Bayan Yun 60 kişilik bir sınıfın hocası, çoğu da kalp krizi kurbanı…
Sınıfına girip öğrencilerine kaçının buraya gelmeden önce normal hastanelere gittikleri sorulduğunda neredeyse hepsi parmak kaldırıyor. Ardından kaçının buraya geldikten sonra durumunda iyileşme olduğu soruluyor. 1 adam haricinde hepsi ayağa kalkıyor. Bu istisna öğrencinin durumunu sorduğumuzda hocamız bize “Daha dün geldi” diyor.
Sadece 1 senelik hoca olmasına rağmen sanki diğer hocalardan daha çok deneyime sahipmiş gibi görünen hocaya bunun sırrını soruyoruz. Sır filan olmadığını söylüyor mütevazi bir tavırla. Buraya gelmeden önce de kendi kasabasında şifacılık yaptığını, Lao-Shi kasabalarına geldiğinde onu buraya davet ettiğini belirtiyor.

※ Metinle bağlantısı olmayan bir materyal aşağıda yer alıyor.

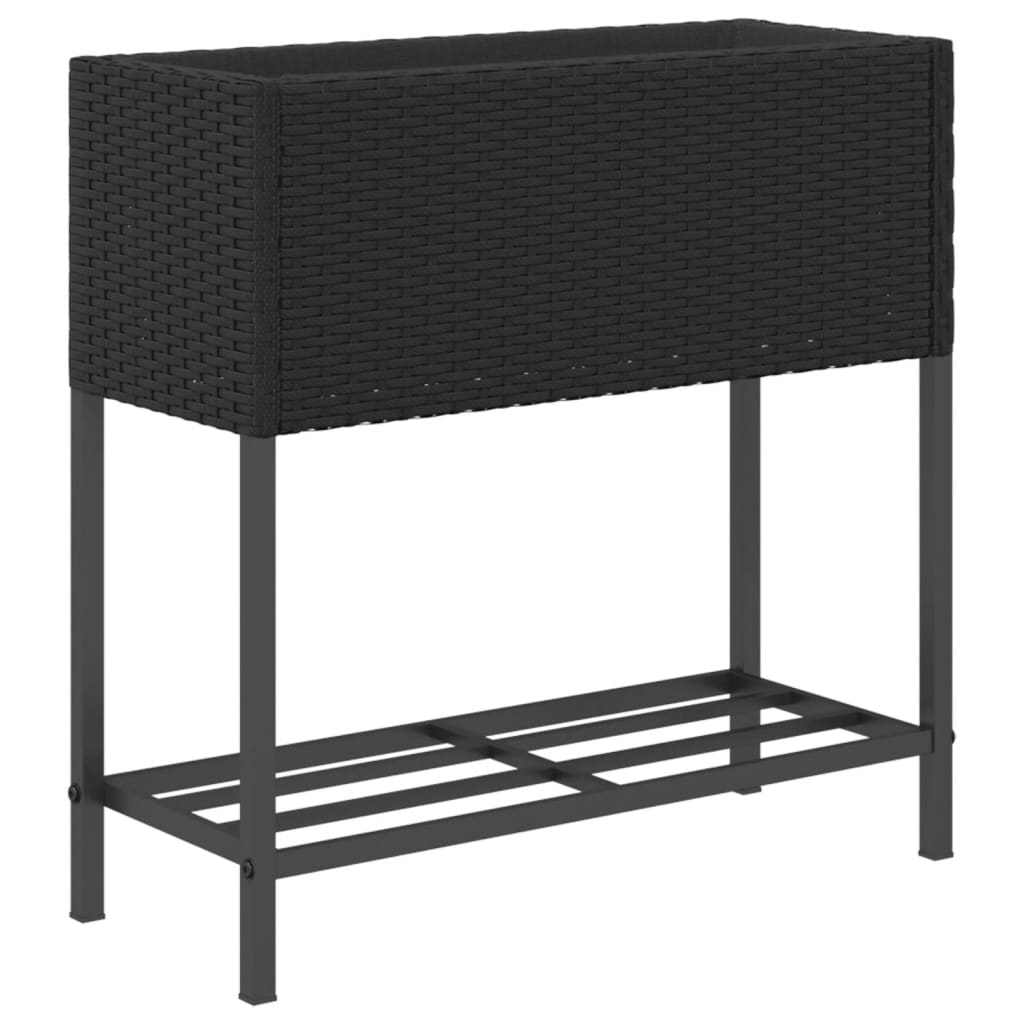 Vrtne sadilice s policom 2 kom crne 70 x 28 x 70 cm poliratan
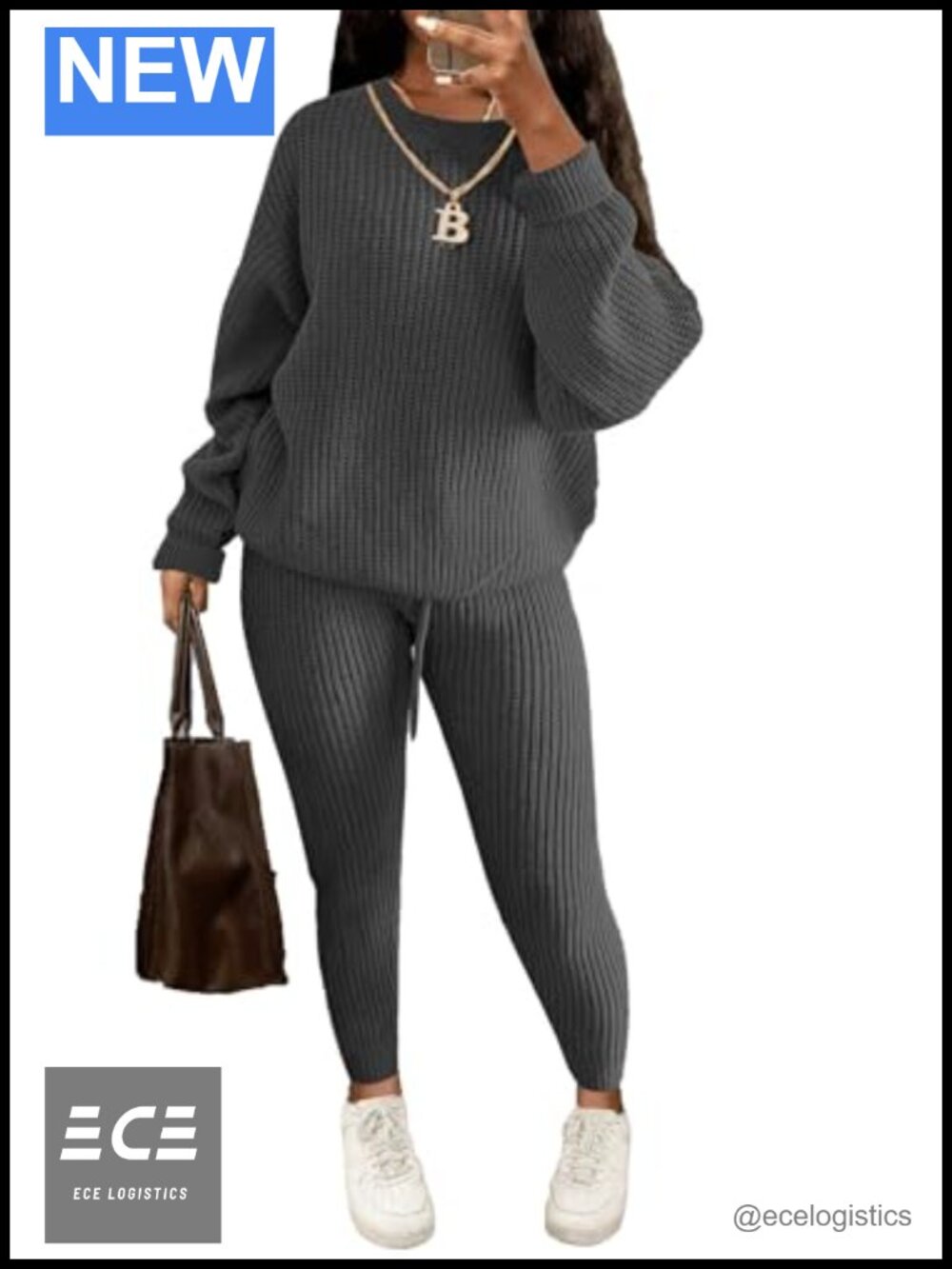 2 Piece Sweater Lounge Set Long Sleeve Knit Pullover Women's Casual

Peki zaten şifacıyken, neden Çigong hocası olmayı seçmiş? 7 yıl önce almış Çigong eğitimini. 1966’dan bu yana siyasi yönden kendi ve halkı çok kötü zamanlar geçirmiş. Rahminde tümör, böbreklerinde ve dalağında iltihap, artirit, uykusuzluk ve baş dönmeleri peşini bırakmamış. Evi kocası idare ediyormuş. 1988’de kocası ölünce hem fiziksel hem ruhen daha da çökmüş. Bu kara günlerden birinde Çigong’la tanışmış.
Önceleri hastalıklarının tümünden Çigong sayesinde kurtulacağına çok ihtimal vermemiş. İlk zamanlar diğer öğrencilere yetişmekte güçlük çekmiş. Ancak hocaları ve öğrenci arkadaşları çok anlayışlı davranıp ona her türlü desteği vermişler. Her şeyden önce içlerindeki içten sevgiyi hissetmek çok önemliymiş.
6 ay boyunca çalıştıktan sonra gelmiş geçmiş tüm hastalıklarından tamamen kurtulmuş ve kendini gençleşmiş hissetmiş. “Hayatımın senaryosu resmen baştan yazıldı” diye sevinçle ekliyor. Üzüldüğü tek şey kocasının bu mutluluğa ortak olamayışı olmuş. İçindeki bu tarifsiz enerjiyle, o da diğer hastalara içten sevgi ve destek ile şifa vermeye başlamış.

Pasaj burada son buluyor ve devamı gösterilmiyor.